Preparing for departure
Not too far ahead of the time you leave, you will want to tell your child of your upcoming plans and who will be staying with him/her while you’re away.
Your child will probably protest and won’t understand why she cannot go with you. She will feel angry and left out. The best way to get over left-out feelings is to have your child be a part of the planning. For example:
- She can help you pick out the clothing she will wear while you’re gone and put it in a special place.
- She can be a part of planning the menus for the meals she and the sitter will have together.
- She can pick out the games she might like to play with the sitter.
- You could take her to the library to pick out some new books they can read together.
- She could help make a plan for an outing while Mom and Dad are gone – the park/playground, the zoo, a movie suitable for young children.

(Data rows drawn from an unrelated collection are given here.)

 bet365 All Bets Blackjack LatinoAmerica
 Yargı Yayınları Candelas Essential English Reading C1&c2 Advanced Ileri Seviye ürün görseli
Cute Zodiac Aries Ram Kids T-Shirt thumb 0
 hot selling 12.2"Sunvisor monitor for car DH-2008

As for you, Parents: Even though there may be protesting that makes you feel guilty about leaving your unhappy child, don’t be tempted to try to sugarcoat the feeling by telling her about all the fun things she’ll be doing with the sitter while you’re gone. Instead sympathize with her and tell her the things you’ll do to help take the sting out of her missing feelings. For instance:
- It would be very helpful if you would leave short notes for your child to read – one for each morning you’re gone and one for each evening.

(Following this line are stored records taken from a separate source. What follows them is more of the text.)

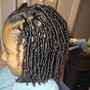 Medium Starter locs (2strand method)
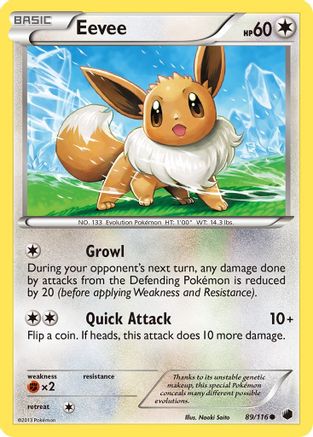 Eevee (89) - 89/116 - Common - Reverse Holo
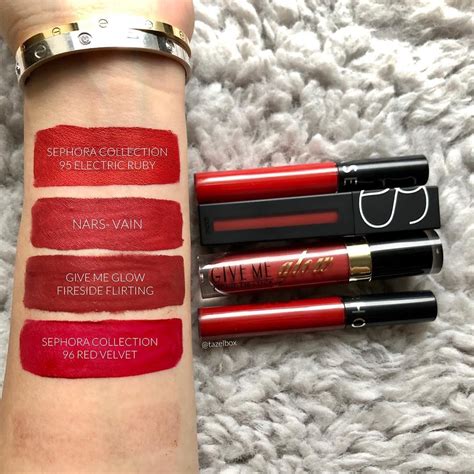 Swatches of my red liquid lipstick picks for fall! Going to try to post ...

- Making a plan for a telephone call each day you’re gone will reassure her that you’re thinking of her.
- Suggest that she draw some new pictures for the refrigerator to show Mom and Dad when you come home.

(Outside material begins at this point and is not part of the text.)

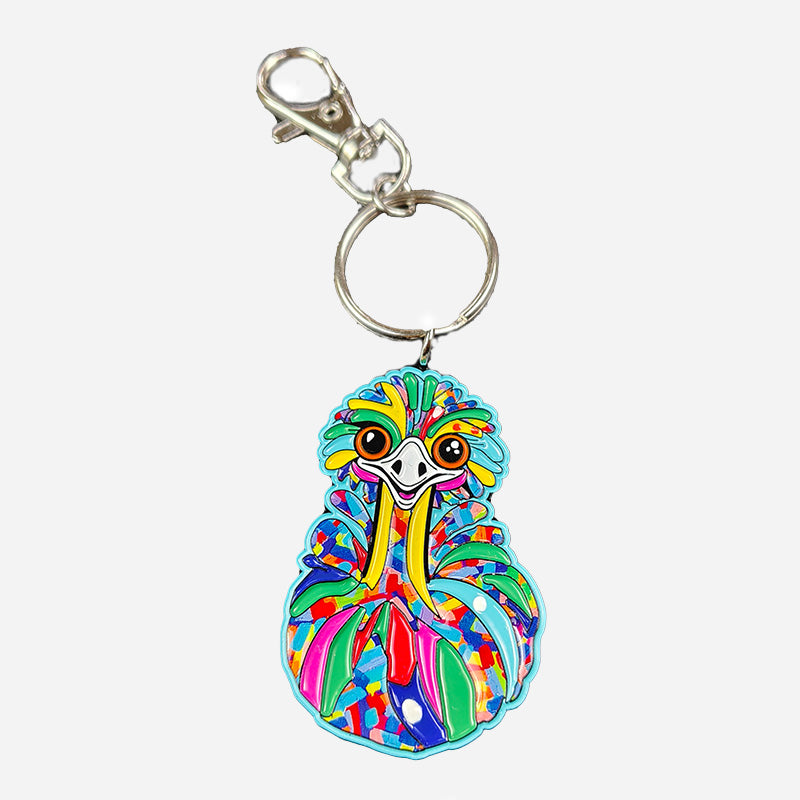 Emu Key Ring with Bag Charm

- Leave a picture of the family together for her to look at so that she will have a tangible connection when she feels the “missing” the most.
When she can still feel “connected” she is less likely to be sad and angry because of a left-out feeling.
Time to leave
When the leaving day arrives, you as parents hope you’ve thought of everything – notes for the sitter, the name, number and address of where you’ll be beside the telephone. The bags are packed and in the car. The sitter has come and already has your child engaged in the game or book you suggested. You look at each other and are tempted to sneak out without saying “goodbye” and risking an upset.
Don’t you dare! When your child finds that you have gone without a hug or goodbye, she will really feel abandoned. It’s better to go to her, tell her you are leaving and give her your hugs. Tell her you will call her at the time that was arranged and now she and the sitter can finish the story or game. There will probably be tears, but you know that you and she will live through them.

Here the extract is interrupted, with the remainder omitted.